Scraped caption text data
- - -

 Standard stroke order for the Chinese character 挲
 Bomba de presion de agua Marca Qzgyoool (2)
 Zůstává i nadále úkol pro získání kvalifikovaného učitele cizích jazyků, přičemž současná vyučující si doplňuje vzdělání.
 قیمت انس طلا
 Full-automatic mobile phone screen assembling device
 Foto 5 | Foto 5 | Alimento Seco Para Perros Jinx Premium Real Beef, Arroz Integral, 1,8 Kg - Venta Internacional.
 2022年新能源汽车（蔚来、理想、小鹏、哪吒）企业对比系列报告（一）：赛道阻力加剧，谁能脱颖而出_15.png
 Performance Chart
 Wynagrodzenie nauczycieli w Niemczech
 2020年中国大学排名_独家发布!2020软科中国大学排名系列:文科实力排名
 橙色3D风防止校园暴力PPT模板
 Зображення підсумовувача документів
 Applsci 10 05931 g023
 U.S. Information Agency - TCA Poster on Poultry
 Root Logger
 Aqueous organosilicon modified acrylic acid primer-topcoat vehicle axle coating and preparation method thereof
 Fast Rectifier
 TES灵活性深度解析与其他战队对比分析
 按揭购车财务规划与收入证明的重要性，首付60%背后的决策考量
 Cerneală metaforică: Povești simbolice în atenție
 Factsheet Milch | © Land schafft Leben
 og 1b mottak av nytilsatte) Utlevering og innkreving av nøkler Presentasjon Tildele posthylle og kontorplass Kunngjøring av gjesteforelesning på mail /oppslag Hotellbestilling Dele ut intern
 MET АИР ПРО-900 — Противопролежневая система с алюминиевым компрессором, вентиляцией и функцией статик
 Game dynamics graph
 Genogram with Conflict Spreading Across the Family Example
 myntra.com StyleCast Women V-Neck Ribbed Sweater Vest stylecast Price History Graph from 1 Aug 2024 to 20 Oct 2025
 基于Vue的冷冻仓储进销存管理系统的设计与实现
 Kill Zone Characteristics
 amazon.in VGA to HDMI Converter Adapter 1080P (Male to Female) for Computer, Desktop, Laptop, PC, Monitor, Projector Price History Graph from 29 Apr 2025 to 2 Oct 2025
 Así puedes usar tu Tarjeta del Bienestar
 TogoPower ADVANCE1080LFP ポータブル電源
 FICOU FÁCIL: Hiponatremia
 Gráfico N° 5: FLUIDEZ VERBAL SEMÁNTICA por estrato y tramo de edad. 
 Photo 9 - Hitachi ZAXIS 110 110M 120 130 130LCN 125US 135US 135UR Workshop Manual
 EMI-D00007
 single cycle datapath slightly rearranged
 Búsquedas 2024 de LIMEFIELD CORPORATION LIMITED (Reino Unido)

- - -

Exercise requirements – Please give each line above again, word for word.

Response box –
 Standard stroke order for the Chinese character 挲
 Bomba de presion de agua Marca Qzgyoool (2)
 Zůstává i nadále úkol pro získání kvalifikovaného učitele cizích jazyků, přičemž současná vyučující si doplňuje vzdělání.
 قیمت انس طلا
 Full-automatic mobile phone screen assembling device
 Foto 5 | Foto 5 | Alimento Seco Para Perros Jinx Premium Real Beef, Arroz Integral, 1,8 Kg - Venta Internacional.
 2022年新能源汽车（蔚来、理想、小鹏、哪吒）企业对比系列报告（一）：赛道阻力加剧，谁能脱颖而出_15.png
 Performance Chart
 Wynagrodzenie nauczycieli w Niemczech
 2020年中国大学排名_独家发布!2020软科中国大学排名系列:文科实力排名
 橙色3D风防止校园暴力PPT模板
 Зображення підсумовувача документів
 Applsci 10 05931 g023
 U.S. Information Agency - TCA Poster on Poultry
 Root Logger
 Aqueous organosilicon modified acrylic acid primer-topcoat vehicle axle coating and preparation method thereof
 Fast Rectifier
 TES灵活性深度解析与其他战队对比分析
 按揭购车财务规划与收入证明的重要性，首付60%背后的决策考量
 Cerneală metaforică: Povești simbolice în atenție
 Factsheet Milch | © Land schafft Leben
 og 1b mottak av nytilsatte) Utlevering og innkreving av nøkler Presentasjon Tildele posthylle og kontorplass Kunngjøring av gjesteforelesning på mail /oppslag Hotellbestilling Dele ut intern
 MET АИР ПРО-900 — Противопролежневая система с алюминиевым компрессором, вентиляцией и функцией статик
 Game dynamics graph
 Genogram with Conflict Spreading Across the Family Example
 myntra.com StyleCast Women V-Neck Ribbed Sweater Vest stylecast Price History Graph from 1 Aug 2024 to 20 Oct 2025
 基于Vue的冷冻仓储进销存管理系统的设计与实现
 Kill Zone Characteristics
 amazon.in VGA to HDMI Converter Adapter 1080P (Male to Female) for Computer, Desktop, Laptop, PC, Monitor, Projector Price History Graph from 29 Apr 2025 to 2 Oct 2025
 Así puedes usar tu Tarjeta del Bienestar
 TogoPower ADVANCE1080LFP ポータブル電源
 FICOU FÁCIL: Hiponatremia
 Gráfico N° 5: FLUIDEZ VERBAL SEMÁNTICA por estrato y tramo de edad. 
 Photo 9 - Hitachi ZAXIS 110 110M 120 130 130LCN 125US 135US 135UR Workshop Manual
 EMI-D00007
 single cycle datapath slightly rearranged
 Búsquedas 2024 de LIMEFIELD CORPORATION LIMITED (Reino Unido)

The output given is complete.